One time I read an account of an interview with the priest who wrote the book “Heaven in Stone and Glass,” and was bothered by a couple of statements he made.
When speaking about church architecture he said, “I think the gathered community is important—but not that important.”
He also criticized a favorite liturgical hymn of mine, “Gather Us In.”
He said, and I quote, “There is a popular liturgical song that I particularly dislike. Speaking of the presence of God in the midst of the assembly it says, ‘Not in some heaven light years away, but here in this place, etc.’ Well, that’s just bad theology.”
Well, I don’t know where he studied theology, but everything I learned about the Mass is that Christ is indeed present in the people gathered for worship.

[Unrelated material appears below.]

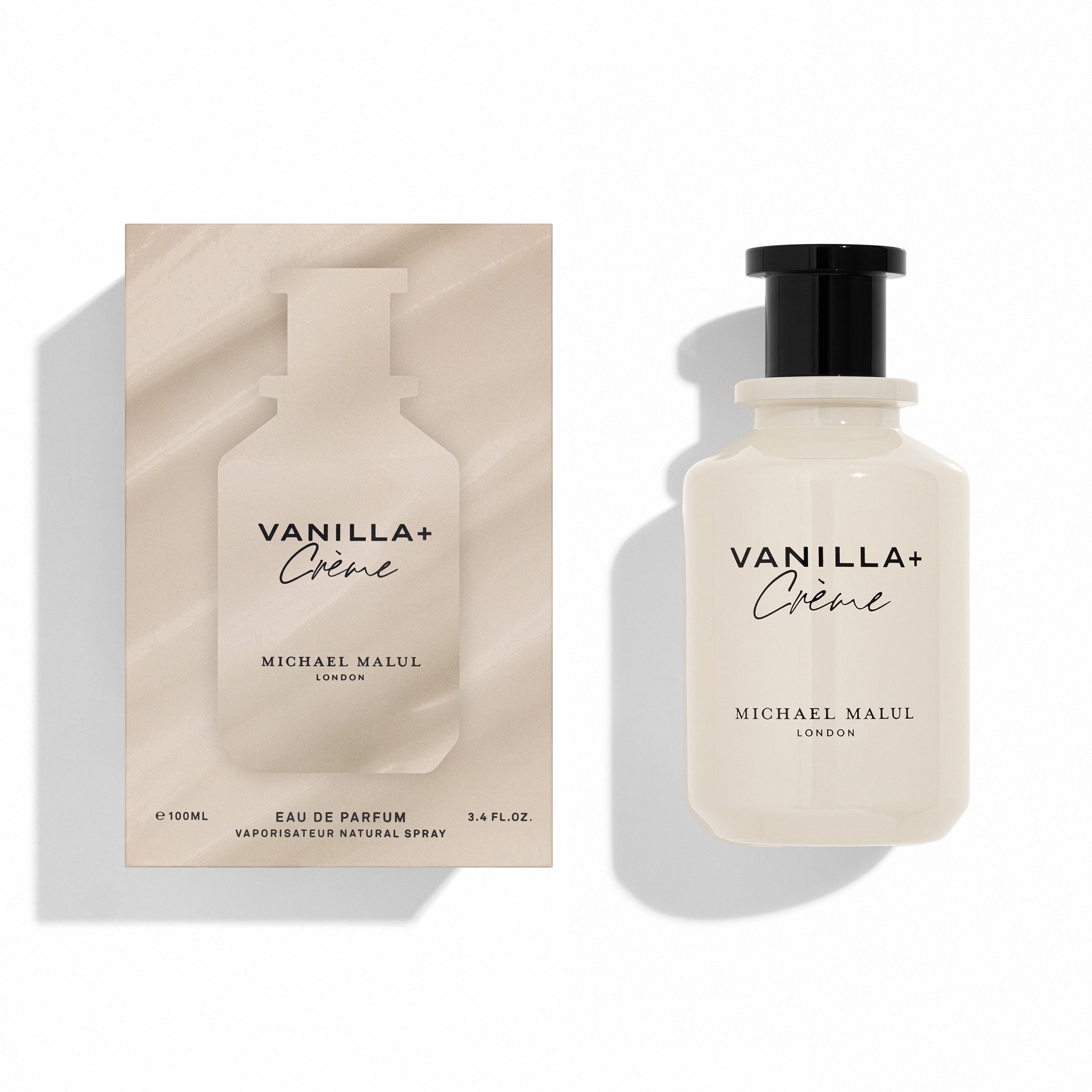 Michael Malul Vanilla + Creme Perfume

As I reflected on these statements, by a priest no less, I began to wonder how many church-going Catholics really know and believe that Christ is present in a special way when we come together to celebrate the Mass, the central and most important prayer of the church?
Now this is what I remember from my study of liturgical theology. I hope I was paying close attention or someone may mention me in his column. When we come together to celebrate Mass, Christ is present in the following ways: in the priest who leads the assembly, in the Word of God proclaimed, in the Eucharist — consecrated bread and wine; and in the people of God assembled for worship.
Jesus told us, “Where two or more are gathered together for prayer, there I am in their midst.”
We are, after all, the Body of Christ. We are his hands, his feet, his mouth, etc. We are the ones who carry on his mission to reveal God’s love and build the reign of God on this earth. It’s a big responsibility.
Because Christ is indeed present in the assembly at Mass, a priest celebrating Mass alone is frowned upon by the church.
Actually everyone who comes to Mass celebrates the Eucharist. The priest is the presider who leads the people in the celebration. He is the main celebrant, not the only celebrant.
We each have an active role in the celebration.
Mass is not a show at which we are the spectators. We are not an audience. We don’t just sit and watch what is going on in the sanctuary. We participate.
The assembly has an important role, as do the lectors, Eucharistic ministers, musicians and priest.
The assembly participates by responding to the prayers, by singing the songs, by receiving Holy Communion, and by believing in what takes place. It is not a passive role, but a very active role.
Together we offer the sacrifice of praise to our God, and Christ is indeed present in our midst.
Remember, we are the Body of Christ and God is in each of us. That belief should make a big difference in how we live our lives.
There are big, beautiful cathedrals around the world, but the greatest cathedral that contains the presence of the Lord is his body, the people who are the church.